You may only need 11 minutes of exercise each day to live longer, research suggests

If your daily routine involves a lot of sitting, consider setting a timer to remind yourself to get up and move every few hours

You may only need 11 minutes of exercise each day to live longer, research suggests
You may only need 11 minutes of exercise each day to live longer, research suggests

Research has shown that exercise can improve your life expectancy, because it lowers your risk of developing age-related diseases such as cardiovascular disease and type 2 diabetes.

On the other hand, sedentary activity, which is any low-energy activity that involves sitting, reclining or lying, is linked with disease and early death.
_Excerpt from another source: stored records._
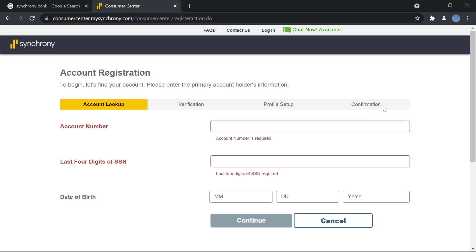After that, you will look up the details and agree to the bank's terms and conditions. Then you'll click on confirm and you will be registered for online banking in Synchrony Bank. So it's a very easy process.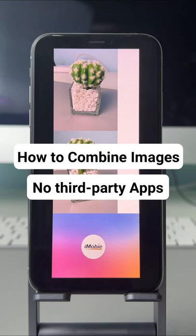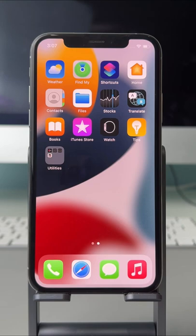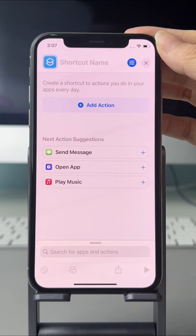Keep watching to know how to combine images on iPhone without third-party apps. Launch the Shortcuts app on iPhone, tap on the plus icon on the top right corner, then tap on Add Action.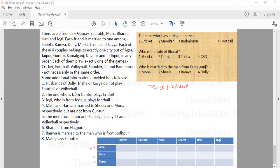The second clue says the one who is from Guntur plays cricket — again indirect. The third clue says Jogi, who is from Jodhpur, plays football. This is direct information, so we fill it in. It also means Jogi cannot be the husband of Dolly, Trisha or Kavya, since the husbands of those three ladies do not play football.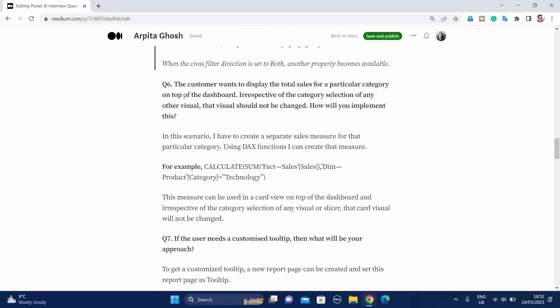The sixth question is the customer wants to display the total sales of a particular category on top of the dashboard, irrespective of the category selection of any other visual. That visual should not be changed. How will you implement this? In this scenario, you will say that I will create a separate sales measure for that particular category, and using DAX function, I can create this type of measure. If you want, you can use some of the code from your project. Just try to provide some example to explain in a better way. And this measure can be used in a card view on top of the dashboard, and irrespective of the category selection of any visual or slicer, the card visual will not be changed. The key point is that we are using the DAX formula, and in that DAX formula, we are setting the filter condition for that particular category.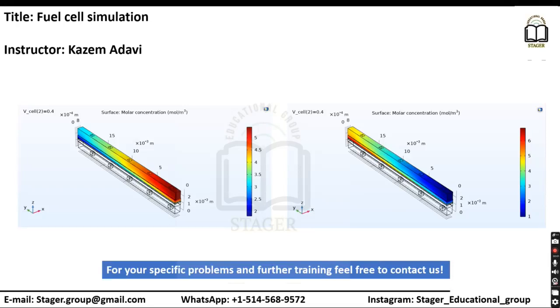Hello, my name is Kazim Adabi. I'm an instructor of SAJR Educational Group.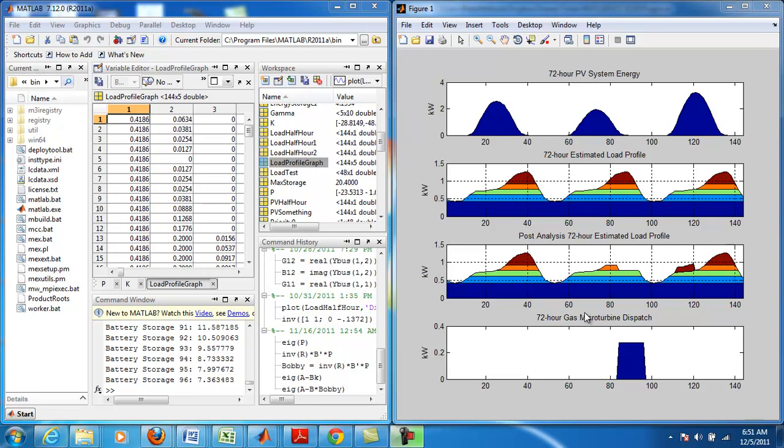However, during the second 24 hour period we see that loads had to be rescheduled to the third day and loads had to be shed because the energy output from the PV installation was below average.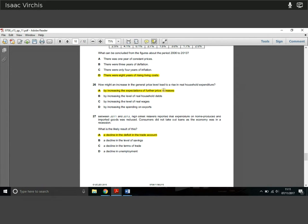Question 26: how might an increase in the general price level lead to rising real household expenditure? The answer is A: if people think there's going to be even more inflation in the future — prices went up by 2% last period and you expect 3% next — you buy now to hedge your bets. If people expect prices to rise further, they spend more now. This concept is based on forward-looking expectations, called adaptive expectations in economics — you base future expectations on what the present or past period was.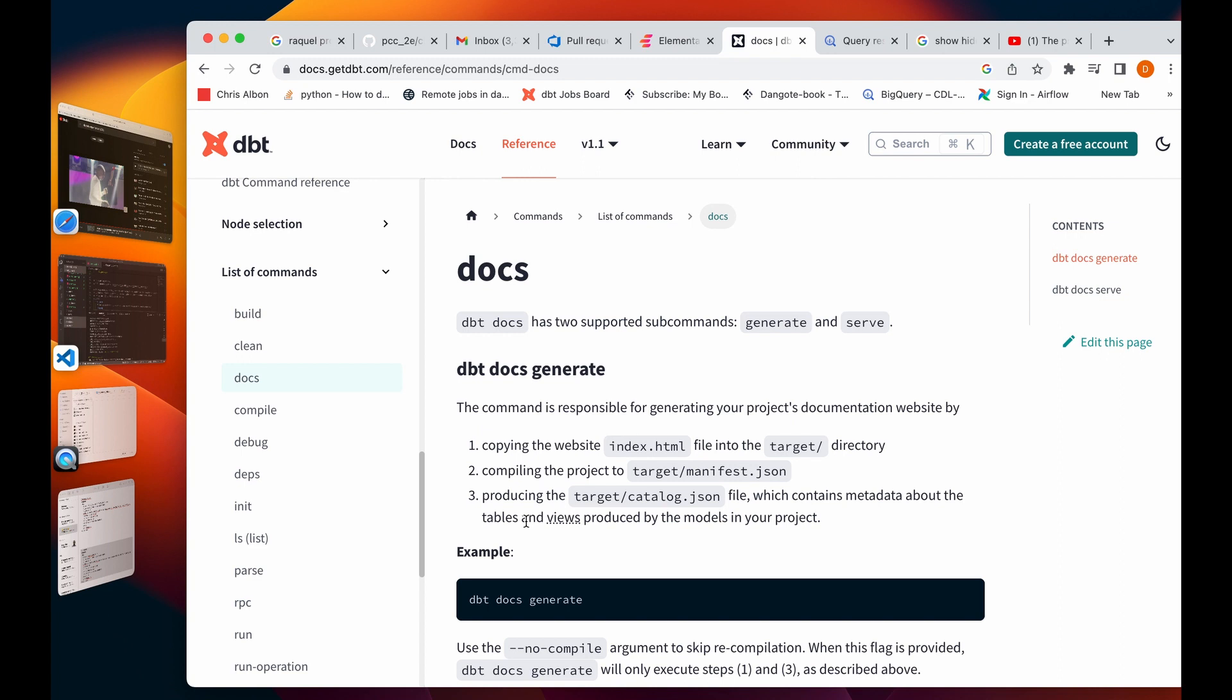The same thing can also be done using the DBT Core, which we're using for these tutorials. Basically, for dbt docs it just requires two commands or two sub-commands: dbt docs generate and dbt docs save.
It may be difficult however, to find time, space, or fun ways to get in exercise during the coronavirus pandemic.

According to an analysis from CNBC about a study published in the British Journal of Medicine, new research suggests that you may only need 11 minutes of exercise each day to live longer.

The new study finds people who sat for about eight to 10 hours daily, but managed to clock about 11 minutes of moderate-to-vigorous exercise a day, were less likely to die than those who only got about two minutes of exercise a day.

In perspective, the physical activity guidelines for Americans suggest that adults should get 150-300 minutes a week (or 20-45 minutes a day) of moderate-intensity activity, or 75-150 minutes a week (or 10 to 20 minutes a day) of vigorous-intensity aerobic physical activity. or, an equivalent combination of moderate-to-vigorous-intensity aerobic activity.

If your daily routine involves a lot of sitting, consider setting a timer to remind yourself to get up and move every few hours.

It’s not clear exactly how much physical activity people need to counteract the effects of sitting all day, but CNBC states this new research shows that a little bit of movement each day is better than none and could have an effect on your lifespan.